In the case of Felix Ngole, a former social work student at the University of Sheffield, his posts on Facebook in support for a biblical view of marriage as between a man and a woman led him to be expelled from his course. Similarly, former magistrate Richard Pagewas removed from the magistracy and then blocked from returning to a non-executive role at an NHS Trust for saying – in private – that a child does best with a mother and a father. In the case of Izzy Montague, she is taking on her child’s former school for forcing children as young as five to take part in a gay pride event, ‘celebrating diversity’. She and her family have faced victimisation for their views on family and sexuality.

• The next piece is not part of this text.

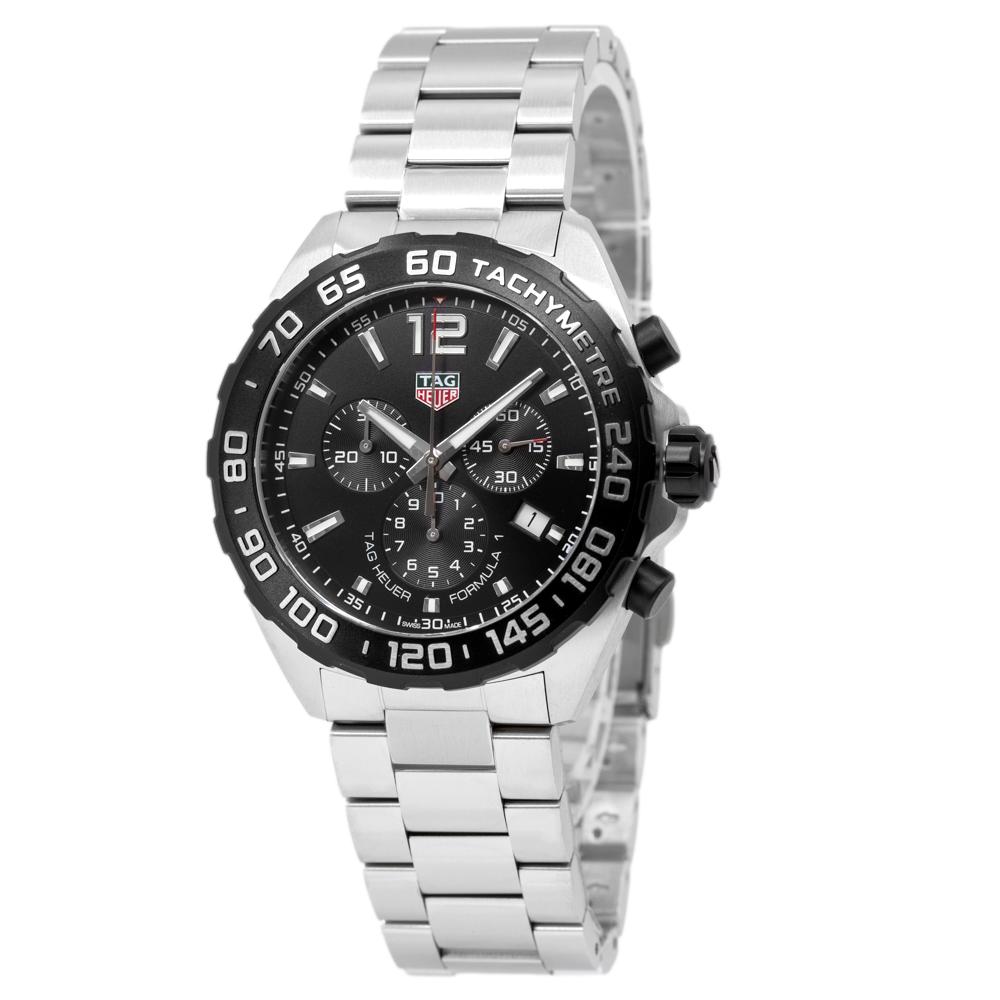 Tag Heuer Men's CAZ1010.BA0842 Formula 1 Chronograph Watch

These are only three cases that we are currently supporting; there are countless more out of the media and behind-the-scenes. But if they demonstrate one thing, it is that increasingly in today’s society, one can no longer express a biblical view of marriage and family without risking being penalised for it.
Is there a solution?
If we are to tackle the issue of family breakdown, the government must first look at the cause of the symptoms rather than simply changing laws to remedy the symptoms themselves. If the government is really keen to deal with poverty, mental illness, teen pregnancy, alcohol and drug abuse, etc., then it must look to family breakdown and start upholding a biblical family model.
Second, incentives to separate must be done away with. If family breakdown is to be lessened, the ease of breakdown and separation needs to change. ‘No-fault’ divorce laws must not be introduced and incentives to stay married, with support from counsellors, if necessary, should be brought in.
Finally, upholding freedom of speech and expression must be encouraged. People must be free to speak out in support of a biblical view of marriage. Not only will this encourage open debate and study into the benefits of two-parent families, their views also happen to be correct – children do indeed do best with a mother and a father.